= Édouard-Jean-Étienne Deligny =

French general

Édouard-Jean-Étienne Deligny (12 December 1815 – 23 February 1902) was a French military officer born in Ballan, Indre-et-Loire, France. Little is known about his early life, family, or education before he entered military service.

== Military career ==
Following his graduation from the École Spéciale Militaire de Saint-Cyr in 1835, Deligny was commissioned as a second lieutenant in the 13th Light Infantry Regiment. He was promoted to lieutenant in 1840 and captain in 1844. That year, he was assigned to the Arab Affairs Bureau at Mascara and became its chief in 1845. In 1848, he was promoted to battalion commander of the 12th Line Infantry Regiment, followed by promotion to lieutenant colonel in 1852. In January 1853, he became colonel of the 60th Line Infantry Regiment. He was promoted to brigadier general in 1855 and to général de division in 1859.
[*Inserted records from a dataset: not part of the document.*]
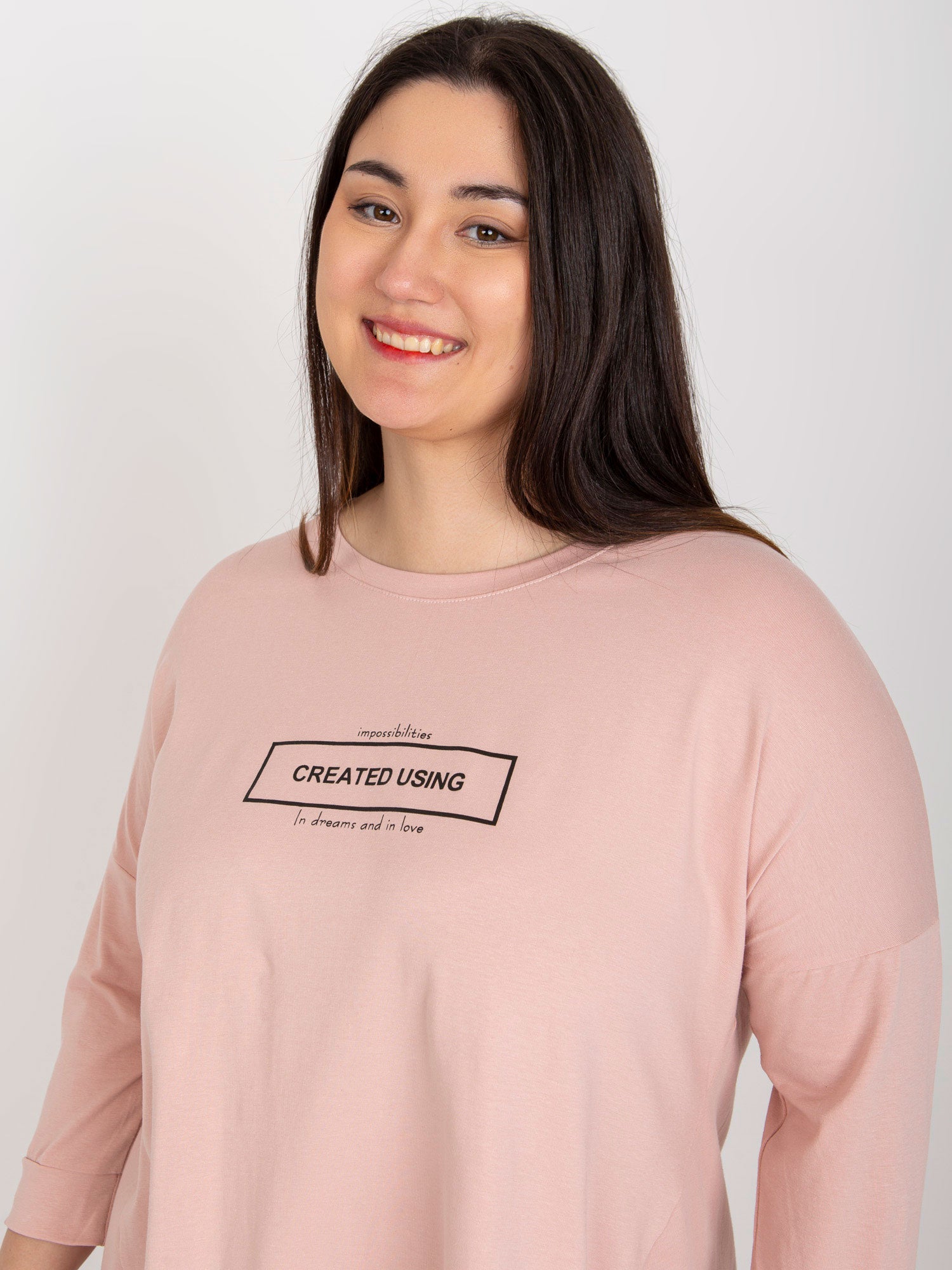 Brudnoróżowa tunika plus size z rękawem 3/4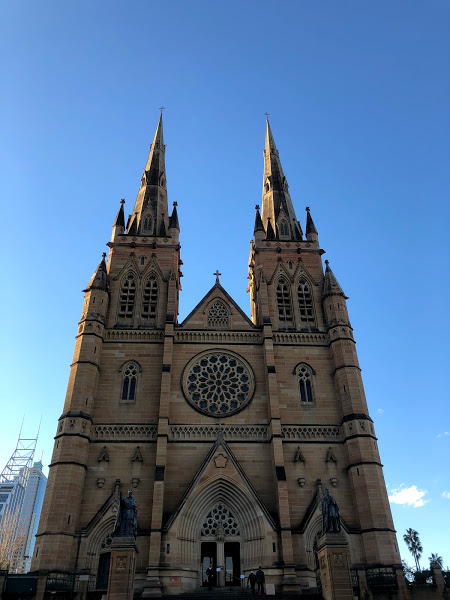 Sydney cathedral park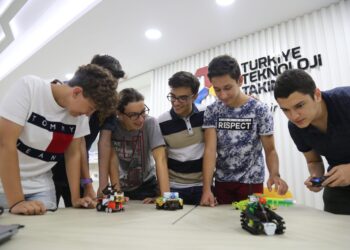 Deneyap Teknoloji Atölyeleri İlk Mezunlarını Verdi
From 1860 until 1869, Deligny served as commander of the Province of Oran in Algeria. In 1865, he was appointed Grand Cross of the Legion of Honour. In 1869, he was appointed commander of the Camp of Châlons.During the Franco-Prussian War of 1870–1871, Deligny commanded a division of the Army of Metz. Following the capitulation of Metz in 1870, he became a prisoner of war. After the war, he was appointed to the Superior War Council in 1872. The following year, he assumed command of the 4th Army Corps. In 1879, Deligny was appointed Inspector General of Army Corps.